Which brings me to social media. As any one who uses Twitter knows, it is an unbelievable discovery and relationship building tool. With investment discovery and relationships key for any VC, Twitter is a must for anyone starting out in the venture business. Not only can it help you find and engage compelling entrepreneurs, but it also is a mechanism through which to learn about industry events where you can have face to face interaction with these people. Social media is also a tremendous brand-building vehicle. Through growing your follower base and investing in a blog, the more you can let people know about yourself and areas of interest/expertise.

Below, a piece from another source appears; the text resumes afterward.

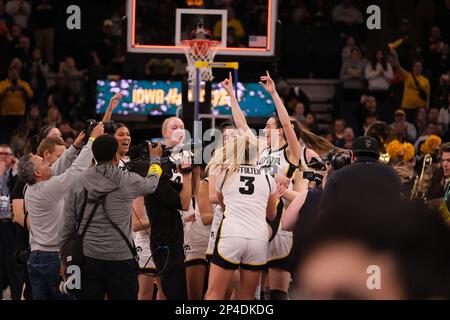 Minneapolis, Minnesota, USA. 5. März 2023. Die Iowa Hawkeyes reagieren auf den Sieg von Iowa gegen Ohio State am Sonntag, den 4. März, beim Big Ten Women's Basketball Tournament Championship-Spiel 2023 in Minneapolis, Minnesota. Iowa gewann 105-72 (Credit Image: © Steven Garcia/ZUMA Press Wire) – NUR REDAKTIONELLE VERWENDUNG! Nicht für den kommerziellen GEBRAUCH! Stockfoto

The challenge with putting your thoughts and personality out there is that they may not resonate and ultimately prove detrimental to your career. In my opinion, this isn’t necessarily a bad thing because it helps you discover that VC may not be right for you. I must admit that I am still early in my VC career and struggling with my place in the market. By becoming more public with my thoughts and persona, I hope to learn more quickly if what I have to offer, other than the money, resonates with startups. After all, life is short and if I’m not someone that quality entrepreneurs think will be valuable to his/her business, I’m not cut out for this job and should learn this sooner versus later.